- **Requirement**:
In the records below, find the line containing "Men Checked Slim Fit Shirt". Restate it and all the lines after it exactly, and omit the rest.

- **Given records**:
⟨

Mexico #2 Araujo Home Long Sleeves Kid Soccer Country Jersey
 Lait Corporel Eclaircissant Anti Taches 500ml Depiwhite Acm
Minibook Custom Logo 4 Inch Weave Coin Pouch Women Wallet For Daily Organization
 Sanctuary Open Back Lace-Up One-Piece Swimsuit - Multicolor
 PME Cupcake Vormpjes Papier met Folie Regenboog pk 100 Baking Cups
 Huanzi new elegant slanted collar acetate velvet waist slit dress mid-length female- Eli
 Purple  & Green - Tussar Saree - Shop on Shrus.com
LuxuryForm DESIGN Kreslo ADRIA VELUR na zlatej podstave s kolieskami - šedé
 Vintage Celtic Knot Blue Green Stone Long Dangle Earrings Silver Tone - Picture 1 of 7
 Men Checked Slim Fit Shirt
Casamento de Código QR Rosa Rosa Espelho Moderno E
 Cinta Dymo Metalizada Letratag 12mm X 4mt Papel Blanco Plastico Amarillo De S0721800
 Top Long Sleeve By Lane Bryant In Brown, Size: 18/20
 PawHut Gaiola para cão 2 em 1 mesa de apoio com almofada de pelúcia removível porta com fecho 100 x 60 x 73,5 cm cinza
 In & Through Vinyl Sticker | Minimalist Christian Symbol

⟩

- **Expected answer**:
 Men Checked Slim Fit Shirt
Casamento de Código QR Rosa Rosa Espelho Moderno E
 Cinta Dymo Metalizada Letratag 12mm X 4mt Papel Blanco Plastico Amarillo De S0721800
 Top Long Sleeve By Lane Bryant In Brown, Size: 18/20
 PawHut Gaiola para cão 2 em 1 mesa de apoio com almofada de pelúcia removível porta com fecho 100 x 60 x 73,5 cm cinza
 In & Through Vinyl Sticker | Minimalist Christian Symbol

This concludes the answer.